PROBLEM TO SOLVE => Word for word, transcribe every line below.
__________________________________________________
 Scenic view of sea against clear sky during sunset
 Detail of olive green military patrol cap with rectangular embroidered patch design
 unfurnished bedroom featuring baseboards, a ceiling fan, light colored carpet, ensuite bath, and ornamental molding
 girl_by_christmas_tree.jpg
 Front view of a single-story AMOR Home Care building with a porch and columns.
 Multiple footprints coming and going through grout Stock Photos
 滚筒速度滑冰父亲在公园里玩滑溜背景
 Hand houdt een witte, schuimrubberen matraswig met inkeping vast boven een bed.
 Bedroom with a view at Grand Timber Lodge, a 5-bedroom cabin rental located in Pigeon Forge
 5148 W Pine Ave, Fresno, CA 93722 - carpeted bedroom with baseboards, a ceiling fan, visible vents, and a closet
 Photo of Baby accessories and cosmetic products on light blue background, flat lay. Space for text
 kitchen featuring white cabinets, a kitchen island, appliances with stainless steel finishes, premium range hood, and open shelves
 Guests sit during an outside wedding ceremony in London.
__________________________________________________
ANSWER SECTION =>
 Scenic view of sea against clear sky during sunset
 Detail of olive green military patrol cap with rectangular embroidered patch design
 unfurnished bedroom featuring baseboards, a ceiling fan, light colored carpet, ensuite bath, and ornamental molding
 girl_by_christmas_tree.jpg
 Front view of a single-story AMOR Home Care building with a porch and columns.
 Multiple footprints coming and going through grout Stock Photos
 滚筒速度滑冰父亲在公园里玩滑溜背景
 Hand houdt een witte, schuimrubberen matraswig met inkeping vast boven een bed.
 Bedroom with a view at Grand Timber Lodge, a 5-bedroom cabin rental located in Pigeon Forge
 5148 W Pine Ave, Fresno, CA 93722 - carpeted bedroom with baseboards, a ceiling fan, visible vents, and a closet
 Photo of Baby accessories and cosmetic products on light blue background, flat lay. Space for text
 kitchen featuring white cabinets, a kitchen island, appliances with stainless steel finishes, premium range hood, and open shelves
 Guests sit during an outside wedding ceremony in London.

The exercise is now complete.